Although I previously installed the Break Dance plugin as a way of getting searchers to visit my blog from Google’s new image search, I have now replaced this with another, more sophisticated plugin that aims to achieve the same result.
The new plugin, Imaguard, doesn’t require any fiddling with the .htaccess file as it makes necessary changes for you. It also offers more options, including a “non-aggressive” and “aggressive” approach. (Note: Please see Update at foot of this post).

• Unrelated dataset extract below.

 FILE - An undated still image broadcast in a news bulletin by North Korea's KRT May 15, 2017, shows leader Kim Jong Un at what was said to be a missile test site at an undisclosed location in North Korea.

I tried the aggressive option briefly.
This is what happened: click on thumbnail in search results and the hot-linked image appears within the results as normal, but after a moment it blacks out with a “Click Here” link right in the middle. This should be sufficient incentive to make the searcher click, which takes them through to the actual page on which the image appears (i.e. your site).
However, if the searcher clicks instead on “View original image”, they will see the same, blacked-out image, but at full size. I think this could irritate searchers and there’s nothing further to induce them to your site.
So I switched to the non-aggressive approach, simply because I believe it provides more avenues for the searcher to get to your site.
Here’s how I have it working:
1. In image search, click on thumbnail and, as per normal, a larger version of the image opens within the results. However, the picture is slightly fuzzy – it’s an enlargement of the thumbnail because the plugin prevents Google from hot-linking to the original image.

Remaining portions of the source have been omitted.